**Work task:** In the listing that follows, find the line with "Schneider 2P63A with", then copy exactly from it through the line with "合约贴水是什么意思_原油期货", leaving out every picture.

**Given data:**
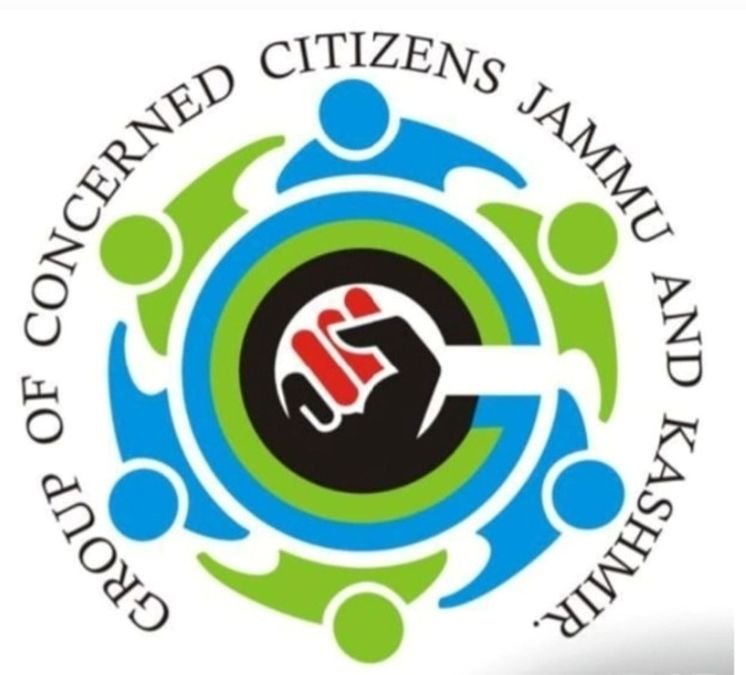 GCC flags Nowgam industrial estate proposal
...
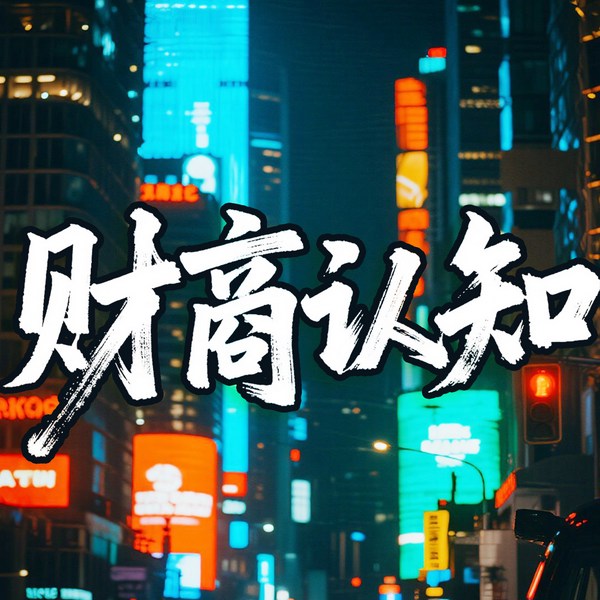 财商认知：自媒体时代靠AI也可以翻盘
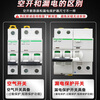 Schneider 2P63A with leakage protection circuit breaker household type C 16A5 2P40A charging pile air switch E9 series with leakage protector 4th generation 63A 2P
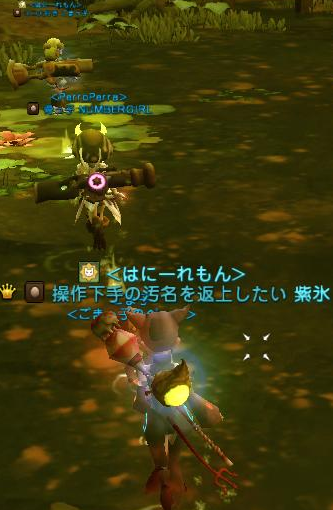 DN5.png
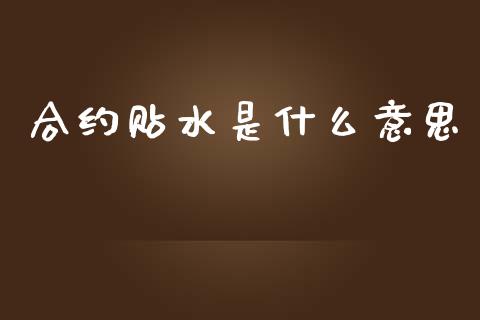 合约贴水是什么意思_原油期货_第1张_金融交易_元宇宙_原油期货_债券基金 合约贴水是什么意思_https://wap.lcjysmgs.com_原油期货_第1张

**Solution to this exercise:**
 Schneider 2P63A with leakage protection circuit breaker household type C 16A5 2P40A charging pile air switch E9 series with leakage protector 4th generation 63A 2P
 DN5.png
 合约贴水是什么意思_原油期货_第1张_金融交易_元宇宙_原油期货_债券基金 合约贴水是什么意思_https://wap.lcjysmgs.com_原油期货_第1张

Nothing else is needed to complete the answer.